In an unprecedented showdown on Saturday, Fox was outbid for the other 61% of the European broadcaster, by long-time rival Comcast, in an auction undertaken by the UK regulator.
Fox's bid of 15.67 pounds a share was beaten by Comcast's 17.28 pounds a share offer, a difference of 1.61 pounds or 10.27%.
It is being reported as the largest takeover in the history of the media industry in Europe.
"As the price of the final Comcast Offer is materially superior, it is in the best interests of all Sky shareholders to accept the Comcast offer," Sky plc said in a statement Saturday night.
"Accordingly, the Independent Committee unanimously recommends that Sky shareholders accept the Comcast offer, and in order to ensure the successful closing of the Comcast offer, urges shareholders to accept immediately."
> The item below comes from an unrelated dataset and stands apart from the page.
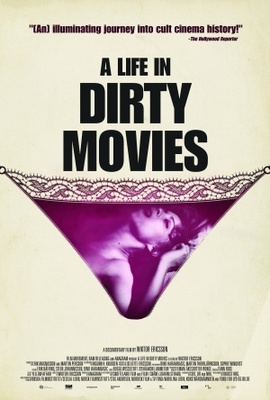 unknown The Sarnos: A Life in Dirty Movies movie poster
Saturday's dramatic duel ends 22 months of uncertainty about Fox's attempt to take over Sky, which has been subjected to UK regulatory hurdles, since Sky shareholders accepted Fox's initial offer of 10.75 pounds a share in December 2016. Comcast entered the fray with an offer on 25 April 2018 of 12.50 pounds per share in Sky, however Fox countered with a bid of 14 pounds a share on 11 July 2018. The regulator then intervened, setting up Saturday's duel.
While Murdoch's Fox has lost out on the main prize, the company will make a huge windfall on the outcome, through the increased value of its holding, which it says it is considering selling to Comcast. When Murdoch first made his move in December 2016, Sky shares were selling at 7.69 pounds. With Comcast's offer on the table of 17.28 pounds, Fox will reap a capital gain of 9.59 pounds per share.
Unfortunately for Murdoch though, the windfall will actually pass to Disney which has agreed to acquire most of 21st Century Fox, including the Sky plc holding.
Saturday's auction will not affect Murdoch's deal with Walt Disney Co., nor will it affect the consideration that Fox shareholders, including Murdoch, will receive.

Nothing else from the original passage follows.